Lifestyles of the rich and famous. Minis have found famous homes over the decades, but for some buyers, such a popular brand could never offer the required exclusivity. For those wanting to express individuality and pocket depth, there has only ever been one name (well, two): Wood & Pickett.
Founded by craftsmen Bill Wood and Les Pickett in 1947 as a semi-traditional coachbuilder, one of the company’s first projects was to convert three Daimler-based ambulances into motor show-destined luxury display vehicles. This set the trend for what was to come. By the ‘60s, the automotive industry was moving away from separate body and chassis vehicle construction. While this signalled the end for many coachbuilders, Wood & Pickett identified a niche that not only provided a business lifeline, but that etched its name in history. From that point, the company would be famously associated with the Issigonis classic.

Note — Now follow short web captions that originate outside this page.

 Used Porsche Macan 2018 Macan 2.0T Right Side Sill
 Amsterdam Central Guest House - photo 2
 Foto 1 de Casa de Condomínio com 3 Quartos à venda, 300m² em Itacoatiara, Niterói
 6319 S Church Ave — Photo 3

Although it diversified to best suit customers’ tastes, adapting Rolls Royce, Range Rovers and Mercedes, for example, The Margrave special edition Mini provided the springboard for the image associated with Wood & Pickett today. With grille-inset spotlights and even bullbars, The Margrave offered owners instant differentiation and the world’s first – and smallest – Chelsea tractor. Inside, they could enjoy a redesigned dashboard and any number of interior options, including electric windows, numerous seat, wheel and upholstery options, including leather and, of course, the irresistible allure of Draylon. The only real limits to vehicle specification were taste and budget.

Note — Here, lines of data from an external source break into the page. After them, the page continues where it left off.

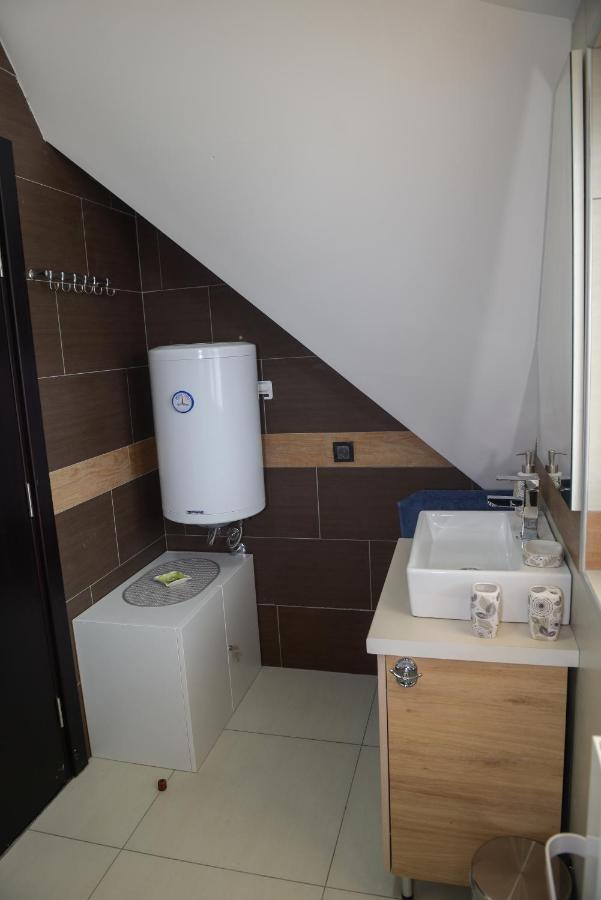 Apartman Milmari Idila Kopaonik Exteriör bild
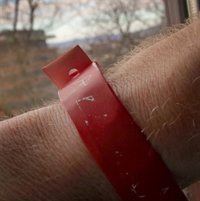 Retiran la obligatoriedad de llevar pulseras identificativas para los solicitantes de asilo en Cardiff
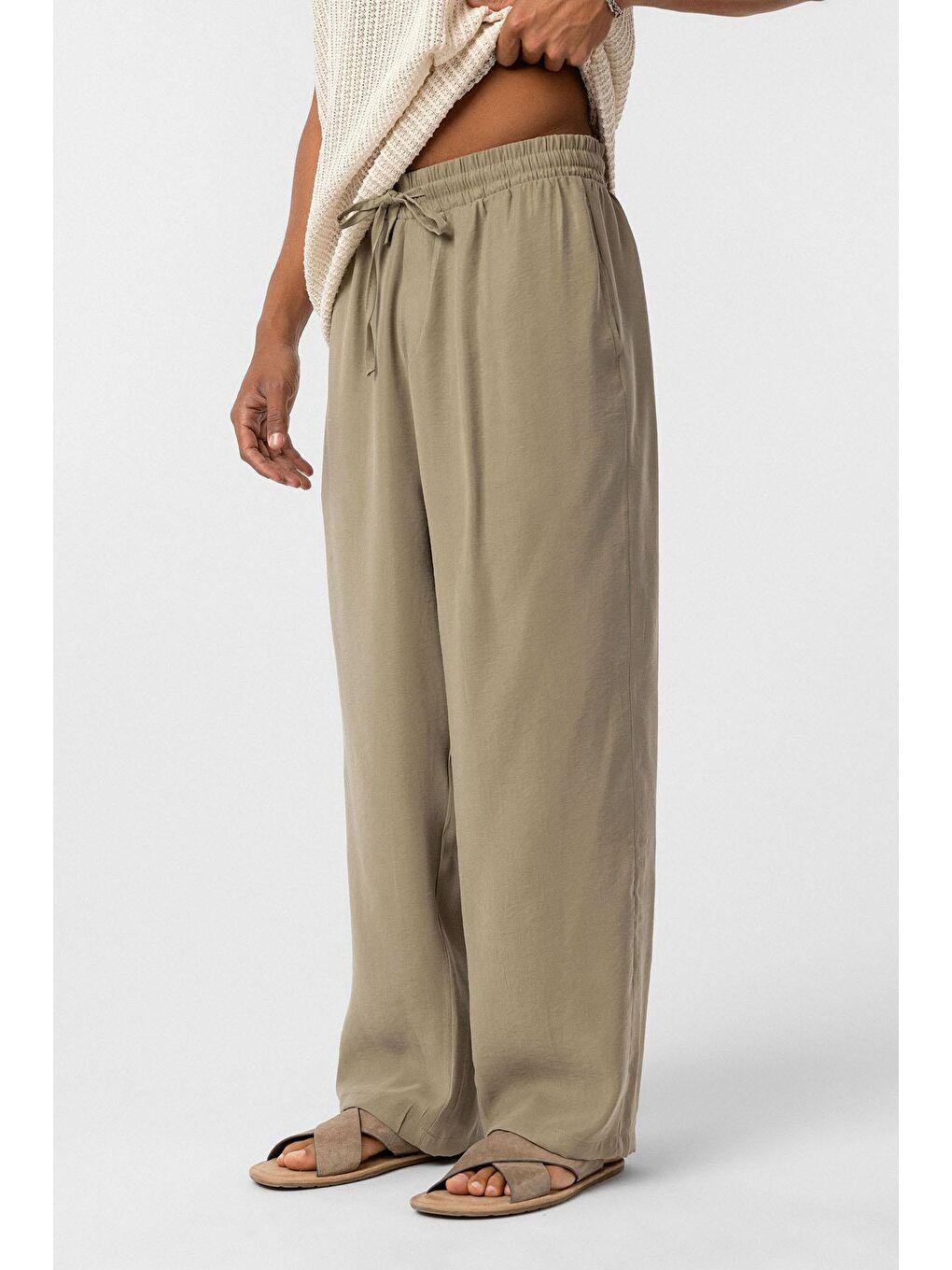 Baggy Fit Modal Kumaş Erkek Pantolon Haki-3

Deseamed exterior? No problem. An extensive redesign that includes oval rear side windows? Not a problem, Sir. Alternative front-end treatment for your Clubman? Suits you.
The service Wood & Pickett offered its host of wealthy customers, including famous television and film stars, was a work of genius. It arguably led the way for the modern level of customisation on offer by cars such as the Fiat 500, and its timing could not have been better. The oil crisis of 1973 was a guilt-trip emotional hurdle for anyone contemplating the purchase of expensive, fuel inefficient vehicles. Where could these buyers turn to display their wealthy yet environmentally astute outlook? Wood & Pickett. The Mini was a chic, popular blank canvas and Wood & Pickett offered the acrylics to customers’ imaginations. Some of the results were suitably surreal.
The 1990s brought a change of ownership and direction for Wood & Pickett. The company steered away from vehicle conversions and focused on offering suitably diverse Mini accessories, although it did complete a conversion for the Crown Prince of Jahor, which, in the image of the 90s, packed a karaoke system, TV and fridge within the Mini’s diminutive shell.
Which was your favourite Wood & Pickett option? Did you specify your own or do you have a film star’s Mini wish list tucked away in a lockup?